11 de fevereiro de 2006

Má Educação


Almodóvar é um gênio da sétima arte ou apenas um oportunista? Sei lá, seus roteiros recheados de diálogos fluentes e deliciosos, e sua técnica de dirigir atores e compor imagens são primorosas. Os cenários coloridos, personagens sempre a beira de um ataque de nervos e a fluência nervosa do idioma espanhol dão os tons acertadamente urgentes, cafonas e piegas de seus filmes. O problema é que suas premissas acabam sendo por demais repetitivas. É fácil observar que com raras exceções, como A Flor de Meu Segredo, a opção sexual sempre colocada em risco por meio de opções lascivas é o tema central de seus filmes. Os personagens de Almodóvar têm um certo dinamismo sensual desesperado, quase furioso.

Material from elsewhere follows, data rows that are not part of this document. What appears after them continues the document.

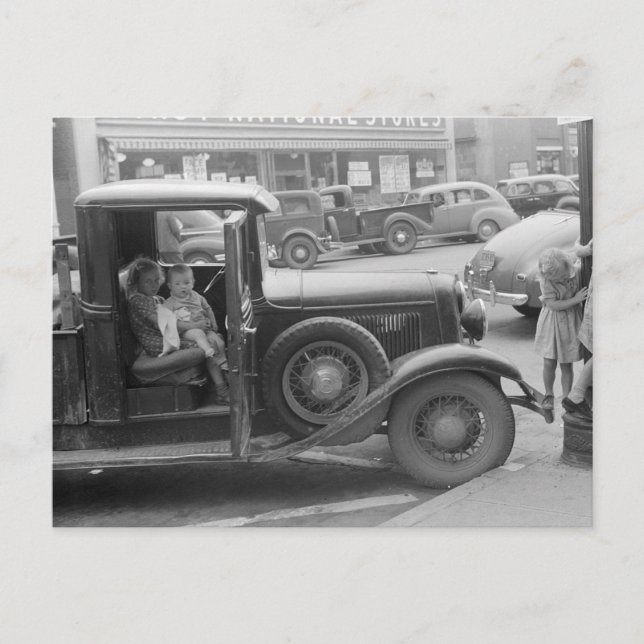 Cartão Postal Crianças fazendas Visitando a Cidade, 1941 (Frente)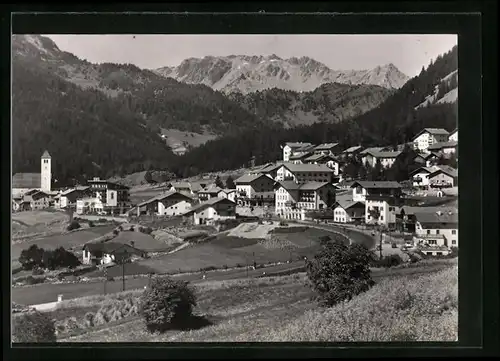 AK Neureschen /Vinschgau, Ortsansicht mit Kirche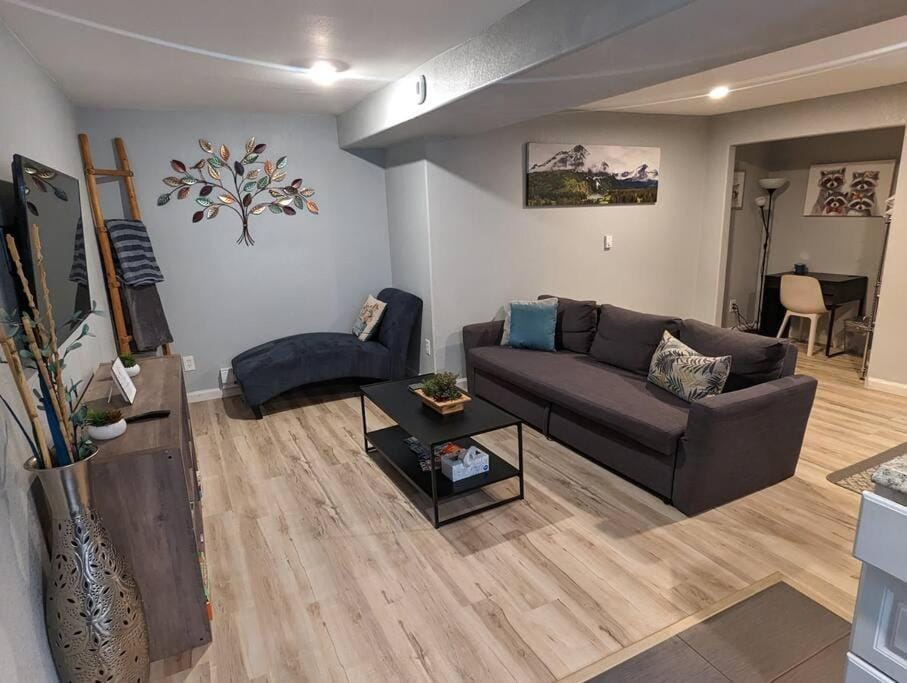 2 bedroom* Minutes from downtown *Firepit House in Colorado Springs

A opção de ter um homem, ao invés de uma mulher (femme fatalle), foi perfeito para este noir gay, que, não fosse o carisma do protagonista e o respeito do diretor, ficaria restrito a um festival MIX qualquer. Almodóvar ao “rerereretocar” no universo homossexual e ao apontar o dedo em riste (apesar de dizer o contrário) para a hipocrisia dos sacerdotes católicos se repete. Quem não assistiu a Maus Hábitos e Lei do Desejo pode mesmo compará-lo com o pop Tudo Sobre Minha Mãe. Ele está recontando as mesmas histórias, agora para um público maior. Os fãs antigos torcem o nariz, enquanto Pedro sente o outro lado da moeda. Seus filmes chegam a mais pessoas, mas a originalidade e o próprio estilo estão comprometidos. Olha que ele disse que não faria filmes nos EUA por temer intervenções “artísticas” em suas obras. Até agora não fez, mas aos poucos vem denegrindo o seu patrimônio em prol de outros interesses.

O diretor disse que nesse filme fez uma homenagem à escritora Patricia Highsmith (criadora do personagem Tom Ripley). No entanto, ao invés das sutilezas das tramas de Patricia e do tom irônico dos filmes de Jean Renoir (também citado durante Má Educação), Almodóvar não é nada sutil. Isso ele nunca foi mesmo. Aqui, cenas de sexo entre homens são mostradas sem muitas ressalvas e seguram uma premissa extremamente simples, mas bem amarrada. A trama gira em torno de dois garotos que se apaixonaram na infância e foram separados por um padre pedófilo no colégio interno católico onde viviam. No louco início dos anos 80, eles se reencontram e aí traumas do passado reaparecem. Há, ainda, outras reviravoltas que servem apenas para Almodóvar fazer um exercício sobre metalinguagem e impressões pessoais, com o indiscutível talento de sempre.

Desta vez, ele usou o galã mexicano Gael García Bernal como centro de todas as intrigas (quase todas movidas pelo desejo), e o latino-americano não faz feio. Com exceção das cenas em que está como a travesti foi bem convincente. Bernal tem charme e carisma, tanto que já é assediado pelos grandes estúdios e se não tomar cuidado vai acabar como seu personagem em Má Educação.

O padre Manolo (Daniel Jiménez Cacho) e o senhor Berenguer (Lluis Homar) são a prova de que o desejo imediato pode suplantar qualquer resquício de razão e fazem uma perfeita alegoria à fragilidade humana. Agora, o alter-ego de Almodóvar no filme, o cineasta Enrique Goded (Fele Martínez), tenta ser a lucidez óbvia diante de comportamentos movidos apenas pelo desejo ou pela ambição. Em alguns momentos acaba cedendo, mas nunca perde a razão. A lucidez em meio ao caos. Pois é, não sei se o espanhol é um gênio ou apenas um oportunista, mas é fácil perceber que o cinema mainstream está mais ousado, enquanto a turma indie perdeu um forte aliado. No fim, o saldo artístico acaba sendo negativo.

Ponto Alto: a interpretação na medida certa de Fele Martinez.

Ponto Baixo: a apresentação musical de Gael como travesti.

1 Comments:

Blogger Andrea Ormond said...

Oi Juarez,
Gosto do Almodóvar desde "Maus Hábitos", quando a Deseo ainda não era uma quase-Miramax hispânica. De qq forma é pelo menos um cara acima da média, que não insulta a inteligência ao fazer cinemão (não sei por que, mas lembro logo do Ron Howard rs) Parabéns pelo blog, os textos estão ótimos, é um início super promissor! :) Bjs.